- Active: 1968 - Present
- Country: China
- Allegiance: Chinese Communist Party
- Branch: People's Liberation Army Ground Force
- Type: Mountain troops
- Size: Brigade
- Part of: Tibet Military District
- Garrison/HQ: Nyingchi, Tibet

= 53rd Mountain Motorized Infantry Brigade =

Brigade of the People's Liberation Army

The 53rd Army Division () was formed on February 15, 1968, from Tibet Unit 843, and 153rd, 4th and 3rd Regiment of Tibet Military District. At its formation the division was composed of:
- 157th Infantry Regiment (former 153rd);
- 158th Infantry Regiment (former 4th);
- 159th Infantry Regiment (former 3rd);
- 310th Artillery Regiment.

The division has been stationed in Nyingchi, Tibet since its formation.

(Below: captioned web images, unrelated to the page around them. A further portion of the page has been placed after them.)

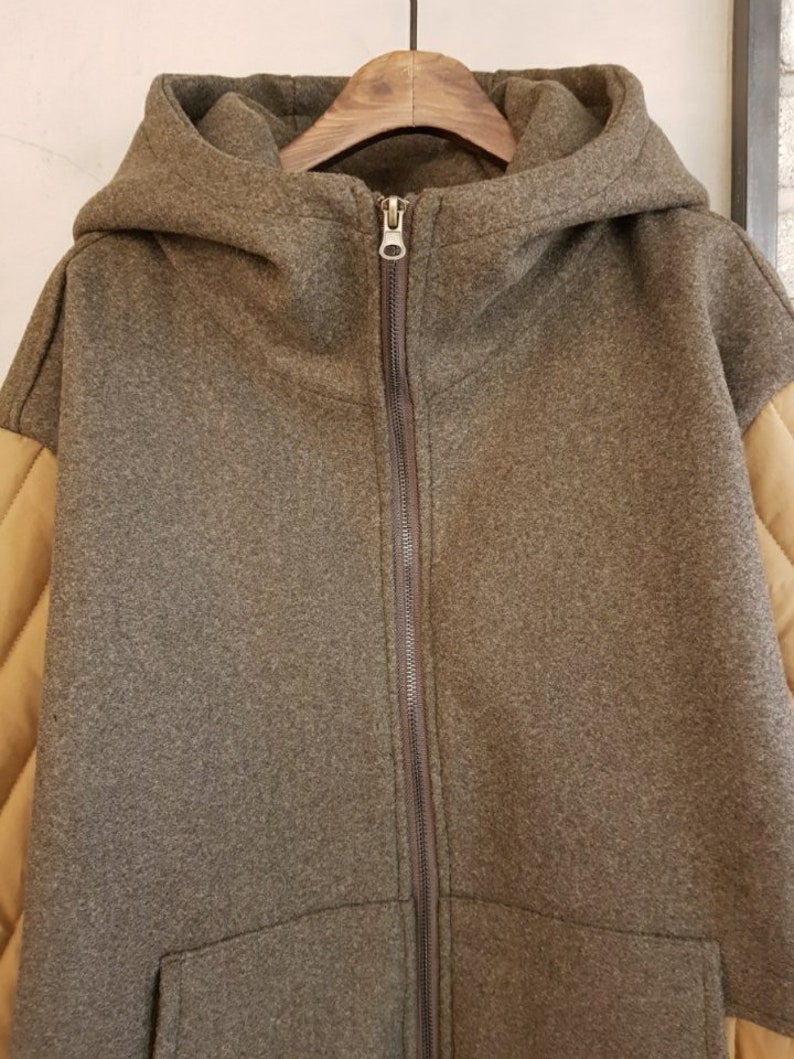 Puede incluir: Una chaqueta marr&oacute;n con capucha, cierre de cremallera y tejido acolchado marr&oacute;n en las mangas.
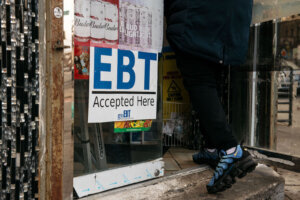 A sign alerting customers about SNAP food stamps benefits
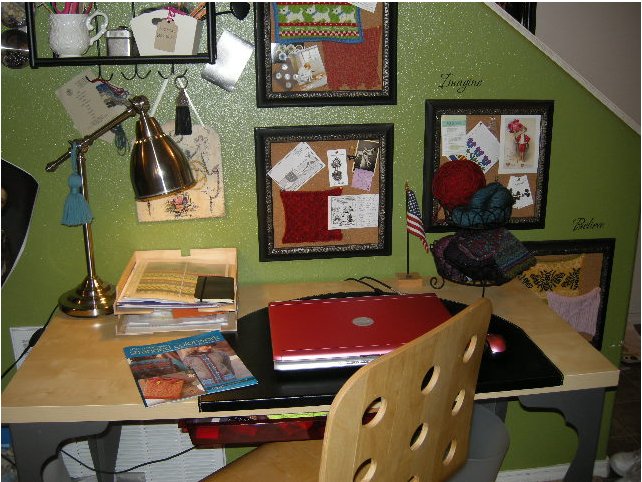 Here's a closer look at my desk. Swatches, postcards, buttons I love, and other inspirational ephemera are all here in a rotating display that keeps me inspired, or at least tenacious. In the foreground is some artwork from my book, The New Stranded Colorwork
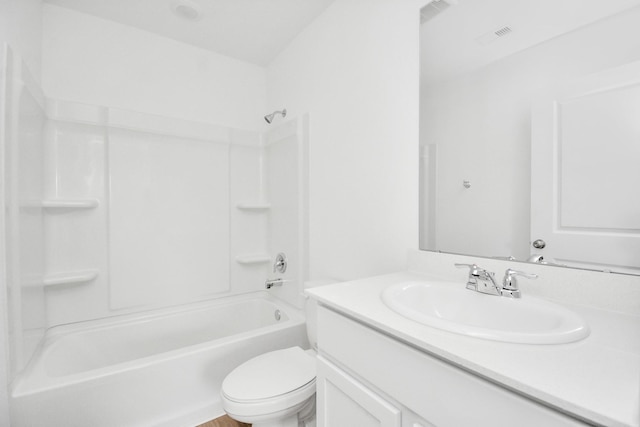 bathroom featuring vanity, bathtub / shower combination, toilet, and visible vents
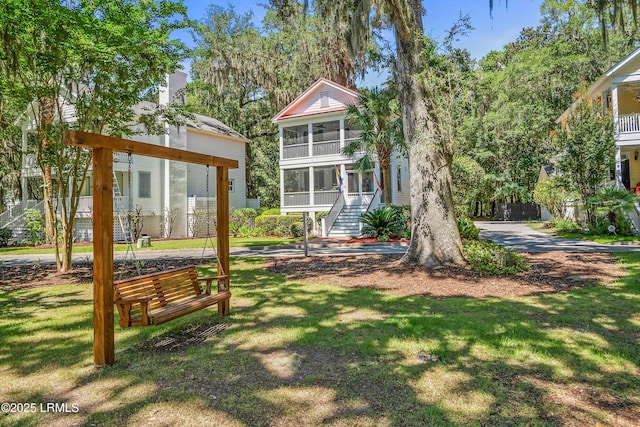 8 Battery Point Ln, Beaufort, SC 29902 - view of green lawn with a sunroom and stairway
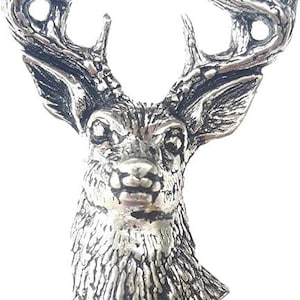 May include: A silver-toned metal brooch shaped like the head of a deer with detailed antlers. The surface features a textured finish that highlights the animal's fur and facial features, creating a realistic appearance for this decorative accessory.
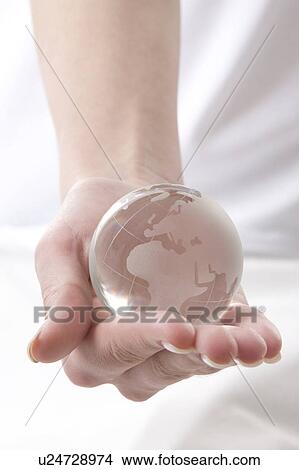 Picture - a hand with a globe. Fotosearch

In December 1969 its 310th Artillery Regiment was renamed as Artillery Regiment, 53rd Army Division.

On September 24, 1985, the division was reduced and renamed as the 53rd Mountain Motorized Infantry Brigade (), a Motorized Infantry Brigade of High Altitude.

In 2017 the brigade was re-organized as the 53rd Mountain Combined Arms Brigade ().